OpenVINO NPU router classifier prototype
Dry-run Atlas/Hermes message classifier/router prototype.
It reuses the existing OpenVINO NPU embeddings service on 127.0.0.1:18817 and
serves an inspectable stdlib HTTP API on 127.0.0.1:18819. It does not change
live Hermes/Atlas routing, write memory, mutate vector collections, restart
services, or send external messages.
Runtime shape
- Service:
atlas-router-classifier - Default port:
18819 - Default bind:
127.0.0.1 - Upstream:
http://127.0.0.1:18817/v1/embeddings - Model label:
bge-base-en-v1.5-int8-ov/prototype-router-v0 - NPU proof:
/sys/class/accel/accel0/device/npu_busy_time_usbefore/after plus upstreamnpu_busy_delta_us
The classifier uses deterministic high-precision rules for safety/urgency/tool signals plus cosine similarity against curated embedding prototypes for workflow and memory recommendations.
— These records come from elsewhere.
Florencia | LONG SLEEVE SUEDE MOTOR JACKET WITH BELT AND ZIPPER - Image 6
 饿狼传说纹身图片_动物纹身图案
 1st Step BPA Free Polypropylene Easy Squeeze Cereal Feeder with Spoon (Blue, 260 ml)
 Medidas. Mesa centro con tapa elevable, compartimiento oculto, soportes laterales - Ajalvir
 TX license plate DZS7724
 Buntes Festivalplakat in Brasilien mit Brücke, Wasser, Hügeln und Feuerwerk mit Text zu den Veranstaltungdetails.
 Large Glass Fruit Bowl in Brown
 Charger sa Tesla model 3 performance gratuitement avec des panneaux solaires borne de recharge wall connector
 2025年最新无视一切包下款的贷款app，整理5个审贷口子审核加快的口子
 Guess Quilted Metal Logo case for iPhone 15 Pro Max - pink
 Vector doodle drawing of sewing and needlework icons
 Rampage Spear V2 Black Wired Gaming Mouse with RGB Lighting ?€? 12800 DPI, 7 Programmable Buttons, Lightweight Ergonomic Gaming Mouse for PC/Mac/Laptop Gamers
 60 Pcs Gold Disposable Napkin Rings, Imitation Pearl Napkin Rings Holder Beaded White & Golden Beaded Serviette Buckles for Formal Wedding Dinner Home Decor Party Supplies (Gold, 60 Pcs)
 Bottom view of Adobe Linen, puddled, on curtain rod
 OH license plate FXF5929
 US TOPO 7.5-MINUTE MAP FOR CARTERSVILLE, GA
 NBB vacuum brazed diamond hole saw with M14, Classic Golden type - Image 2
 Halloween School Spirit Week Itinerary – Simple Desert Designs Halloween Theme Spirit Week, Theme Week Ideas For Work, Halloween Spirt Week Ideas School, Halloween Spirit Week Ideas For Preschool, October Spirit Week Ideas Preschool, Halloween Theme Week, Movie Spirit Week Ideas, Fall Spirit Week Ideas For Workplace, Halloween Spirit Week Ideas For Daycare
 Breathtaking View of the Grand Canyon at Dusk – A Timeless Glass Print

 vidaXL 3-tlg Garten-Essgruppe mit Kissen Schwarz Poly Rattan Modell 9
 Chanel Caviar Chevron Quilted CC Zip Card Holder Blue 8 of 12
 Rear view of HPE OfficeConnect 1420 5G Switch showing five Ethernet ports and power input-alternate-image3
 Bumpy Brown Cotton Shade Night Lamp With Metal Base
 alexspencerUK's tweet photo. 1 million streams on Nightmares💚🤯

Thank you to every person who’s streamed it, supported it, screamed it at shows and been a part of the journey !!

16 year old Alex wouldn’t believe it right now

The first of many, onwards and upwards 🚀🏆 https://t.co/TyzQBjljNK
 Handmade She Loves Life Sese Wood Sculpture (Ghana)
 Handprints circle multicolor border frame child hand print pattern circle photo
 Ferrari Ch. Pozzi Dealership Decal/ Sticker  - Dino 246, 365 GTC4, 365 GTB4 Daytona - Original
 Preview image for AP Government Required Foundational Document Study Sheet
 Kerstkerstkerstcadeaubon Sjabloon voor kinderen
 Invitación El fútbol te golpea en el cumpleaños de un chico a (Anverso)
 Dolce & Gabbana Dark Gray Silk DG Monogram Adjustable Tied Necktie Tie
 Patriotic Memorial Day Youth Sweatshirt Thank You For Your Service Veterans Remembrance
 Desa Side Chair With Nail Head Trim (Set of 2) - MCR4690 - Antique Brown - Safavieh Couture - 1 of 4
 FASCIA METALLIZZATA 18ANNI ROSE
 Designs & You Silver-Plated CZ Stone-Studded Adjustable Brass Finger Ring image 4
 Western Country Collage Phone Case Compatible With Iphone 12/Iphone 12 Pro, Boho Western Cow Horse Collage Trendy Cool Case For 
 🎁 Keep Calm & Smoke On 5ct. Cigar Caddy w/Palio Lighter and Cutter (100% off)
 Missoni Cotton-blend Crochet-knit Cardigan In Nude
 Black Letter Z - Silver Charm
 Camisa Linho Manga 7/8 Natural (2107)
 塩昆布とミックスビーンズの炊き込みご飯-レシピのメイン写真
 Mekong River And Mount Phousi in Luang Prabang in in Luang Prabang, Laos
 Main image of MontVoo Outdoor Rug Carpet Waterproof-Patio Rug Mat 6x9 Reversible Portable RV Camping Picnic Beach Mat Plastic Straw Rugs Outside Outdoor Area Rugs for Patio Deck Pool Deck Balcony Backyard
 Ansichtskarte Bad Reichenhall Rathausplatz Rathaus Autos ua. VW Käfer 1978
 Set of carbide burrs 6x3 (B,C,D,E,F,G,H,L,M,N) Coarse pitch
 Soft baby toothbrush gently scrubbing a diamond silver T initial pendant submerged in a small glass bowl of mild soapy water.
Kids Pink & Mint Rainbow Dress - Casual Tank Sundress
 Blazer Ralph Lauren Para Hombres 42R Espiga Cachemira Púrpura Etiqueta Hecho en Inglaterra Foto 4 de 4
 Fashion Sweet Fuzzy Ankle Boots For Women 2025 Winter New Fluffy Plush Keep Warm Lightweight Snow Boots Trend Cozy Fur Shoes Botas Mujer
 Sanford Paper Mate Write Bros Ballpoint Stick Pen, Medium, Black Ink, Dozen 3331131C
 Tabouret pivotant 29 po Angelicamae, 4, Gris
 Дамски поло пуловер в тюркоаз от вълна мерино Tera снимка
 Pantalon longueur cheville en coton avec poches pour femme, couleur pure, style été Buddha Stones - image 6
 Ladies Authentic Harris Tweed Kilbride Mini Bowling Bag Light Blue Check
This is intentionally tunable without model training.
API
GET /healthz
Returns service metadata, labels, prototype count, NPU sysfs counter, and warmup NPU delta.
GET /v1/labels
Returns label enum values, thresholds, and prototype IDs without dumping private fixtures.
POST /v1/classify
Request:
{
"id": "optional trace id",
"text": "User message or task body to classify.",
"context": {"platform": "cli", "source": "user"},
"options": {
"include_evidence": true,
"include_embedding_debug": false,
"dry_run": true
}
}
Response includes:
labels.tool_needed: boolean, confidence, threshold, reason codeslabels.memory_candidate:none | user_preference | durable_user_fact | environment_fact | workflow_convention | skill_candidatelabels.urgency:low | normal | high | criticallabels.workflow_category:chat | research | coding | debugging | devops | smart_home | media | note_taking | productivity | kanban | unknownlabels.safety_confirmation_required: boolean, confidence, reason codesnpu_busy_delta_usandsysfs_npu_busy_delta_usevidencewhen requested
POST /v1/batch_classify
Request:
{
"items": [{"id": "m1", "text": "What time is it?"}],
"options": {"include_evidence": false, "dry_run": true}
}
Local smoke test
Check that the proposed port is free first:
ss -ltnp | grep ':18819' || true
Run without installing anything extra; /home/will/.venvs/npu already has the
stdlib plus requests/openvino stack used by the upstream embeddings service:
cd /home/will/lab/swarm/openvino-classifier-npu
/home/will/.venvs/npu/bin/python router_classifier.py --host 127.0.0.1 --port 18819
Then from another shell:
curl -fsS http://127.0.0.1:18819/healthz | jq .
curl -fsS http://127.0.0.1:18819/v1/classify \
-H 'Content-Type: application/json' \
-d '{"id":"smoke","text":"Urgent: check whether port 18817 is listening and inspect systemd logs.","options":{"include_evidence":true}}' | jq .
A valid NPU-backed response must have positive npu_busy_delta_us; HTTP 200 by
itself is not considered proof.
Tests
Unit tests use a fake embedding client and do not touch the NPU:
/home/will/.venvs/npu/bin/python -m unittest discover -s openvino-classifier-npu/tests -v
Fixture messages live at fixtures/atlas_hermes_messages.jsonl.
Optional systemd user unit
A draft unit is included as openvino-router-classifier.service. Install only
after review/approval:
cp openvino-router-classifier.service ~/.config/systemd/user/openvino-router-classifier.service
systemctl --user daemon-reload
systemctl --user start openvino-router-classifier.service
systemctl --user status openvino-router-classifier.service --no-pager
Do not enable it at boot or connect it to live Atlas/Hermes routing as part of this prototype task without explicit approval. Keep classifier decisions dry-run until a separate approved routing change lands.